O número de ouvintes diários era tão elevado que papai tinha de colocar o rádio no alpendre da residência, pois o pequeno prédio não comportava as dezenas de visitantes que vinham saber das novidades. Já ao cair da noite, a “BBC de Londres” abria o festival de desgraças com o primeiro boletim informativo e, até bem tarde, prosseguia o rosário de bombardeios e naufrágios. Lembro-me da ansiedade com que eram ouvidos os informes e dos gritos de entusiasmo quando saía alguma notícia favorável aos torcedores... o torpedeamento de navios brasileiros por submarinos nazistas provocou monumentais crises histéricas e discussões de tal magnitude, que se ia dormir com a cívica emoção de que a pátria estava salva, a rajadas de saliva e sob o poder de medonhos insultos despejados sobre o covarde inimigo...
Também os programas humorísticos da inesquecível e realmente engraçada dupla “Jararaca e Ratinho” - em noites de sextas-feiras - provocavam formidáveis gargalhadas. Muitos anos depois, jantando, em Belém, num restaurante, bem ao lado desses dois pândegos que tanto riso tinham espalhado em minha infância, fiquei sério, a olhá-los discretamente, e fazendo força para reprimir uma lágrima que desejava denunciar o que ocorria nos corredores de meu saudoso coração...
Menino de dez anos, eu não conseguia entender muita coisa que os locutores diziam. Contudo, ficava quieto, numa cadeira, sentindo-me, pelo menos, importantíssimo como “filho do dono do rádio”... Em noites de jogos de futebol - sobretudo a Copa do Mundo e os clássicos entre cariocas e paulistas - a vibração era intensa e, a propósito, retive, na memória, um fato singularmente pitoresco.

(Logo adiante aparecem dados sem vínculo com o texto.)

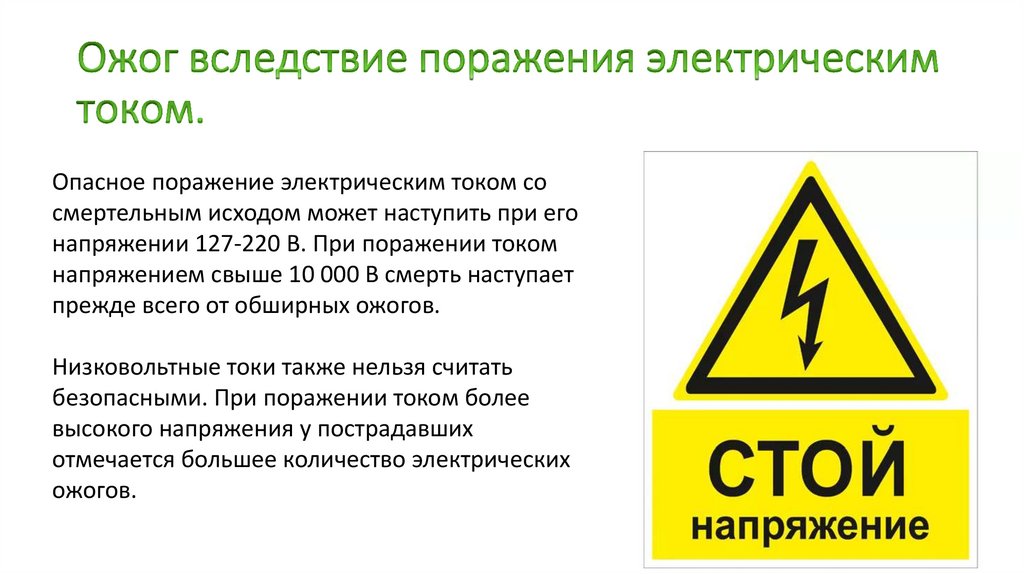 Ожог вследствие поражения электрическим током.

Dentre os desportistas mais assíduos e fanáticos, havia um, operário, cujo nome deliberadamente omito. Nunca mais eu vi alguém que “torcesse” de forma tão original: o homem acompanhava os lances mais decisivos comprimindo os testículos com ambas as mãos, num nervosismo quase incontrolável. Pior ainda: na mesma proporção em que a bola se aproximava das traves, o esquisito senhor ia erguendo as glândulas, no suarento e penoso esforço de quem levanta um fardo pesadíssimo. O resultado da estranha manobra é que, ao entrar, ou se perder, o gol, o cidadão conseguira suspender a bagagem reprodutora até perto do umbigo!... E não havia gozações, imediatas ou posteriores, que estimulassem o excêntrico ouvinte a tentar descobrir um modo mais discreto e elegante de exteriorizar tempestades emocionais...
Muita, muita alegria nos deu o rádio velho de papai! Velho? uma última propagandazinha para a “General Electric”: além do ventilador, quando me casei, meu pai também me presenteou com o famoso aparelho. Usei-o durante alguns anos e, despontando a era dos receptores transistorizados, decidi entregá-lo a um parente. Até hoje está em forma e... já fora comprado de segunda mão!

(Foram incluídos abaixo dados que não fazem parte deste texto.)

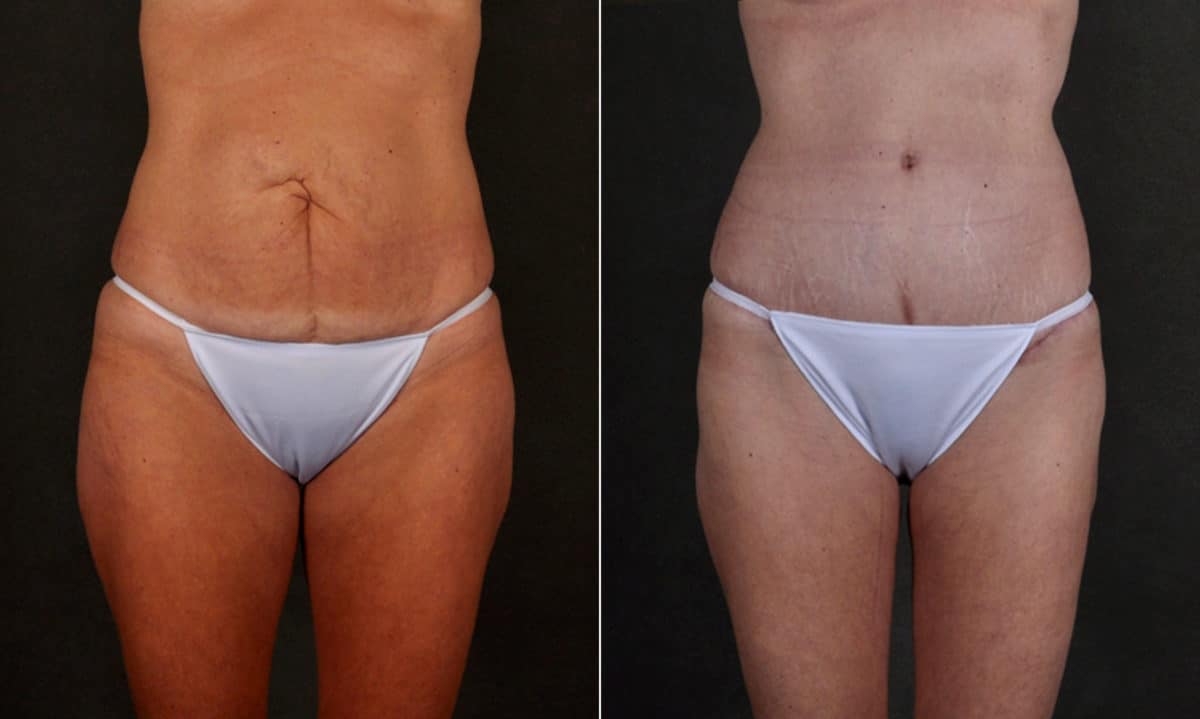 Case 17253, Tummy Tuck Before and After Photos Tummy Tuck Before and After Photos in Omaha, NE, Case 17253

Ah!... As antigas obras artesanais... Como duravam!... Os modernosos objetos, fabricados em série, conseguem, no máximo, resistir um ano ou dois - isto quando já não trazem defeitos de origem. Provas? Em pouco mais de uma década, já tive nada menos de seis rádios: vão pifando todos, um atrás do outro...
Sociedade de consumo... Que saudade, meu Deus, dos velhos e enormes trambolhos elétricos!... O progresso estraga tudo. 
(Este texto foi tirado de um livro de memórias (não publicado) de Emir Bemerguy, intitulado "Enquanto eu me lembro". Foi escrito no final dos anos 1970.)